Of the people I have spoken to, the US attorneys seem more comfortable using ChatGPT for contract drafting because they are more used to fishing in the DMS for prior examples of contracts. Therefore, they see challenges to provenance and context in their source materials on a daily basis. This is less of a challenge for European lawyers, who are generally more familiar with working from templates. You can probably tell where my bias lies.

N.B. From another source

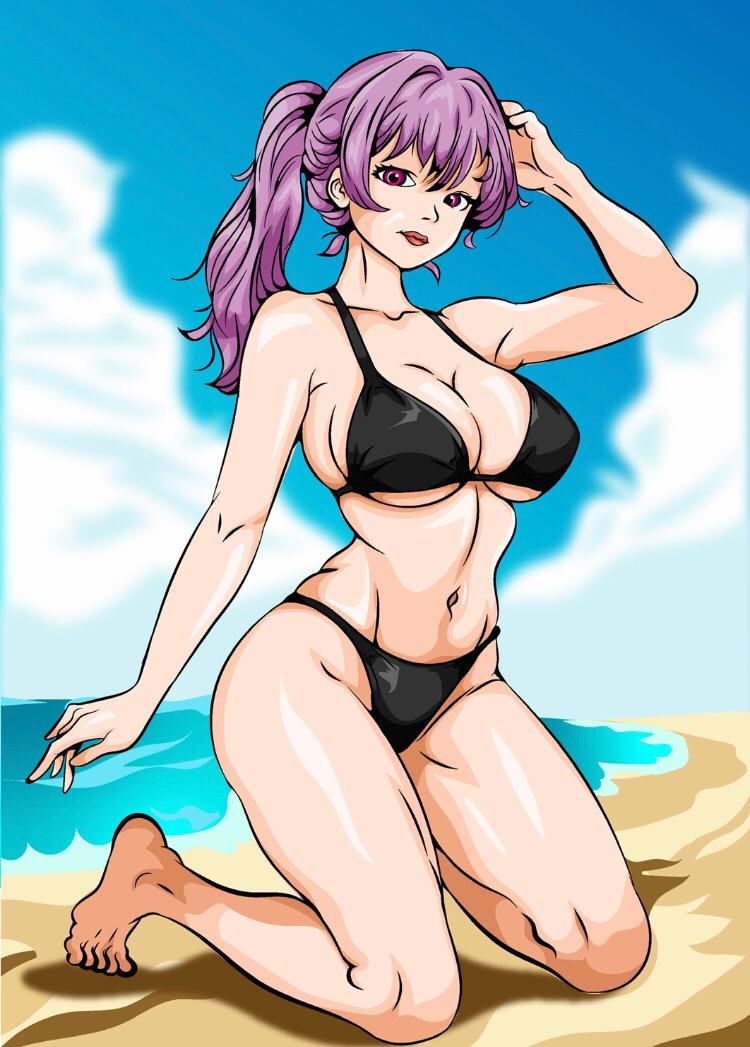 Digital characters featuring anime beach character.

I asked ChatGPT to summarise this article. This is the output it gave:
“The article is about ChatGPT, a tool that uses machine-learning algorithms to generate responses to questions. The author mentions that while the outputs of ChatGPT look impressive, they can often be conflicting, wrong, or vague, and that the tool does not understand the legal consequences of its outputs. The author suggests that ChatGPT’s current use case is for producing first drafts of contracts, but raises two concerns: the lack of provenance and context in its outputs, and the inability to trace back its sentences to a specific source. The author warns that ChatGPT’s output should not be used without consulting with an attorney.”
I’d say this is a decent summary. I then asked ChatGPT whether the author was correct:
“As an AI language model, I do not have personal opinions or biases. However, based on the article, it appears that the author has a nuanced view of ChatGPT’s ability to draft contracts, recognising its potential for generating first drafts but also highlighting its limitations such as the lack of understanding of legal consequences, context and provenance.”
And I might just end this article there. Maybe summarisation is a better use case for ChatGPT than contract drafting.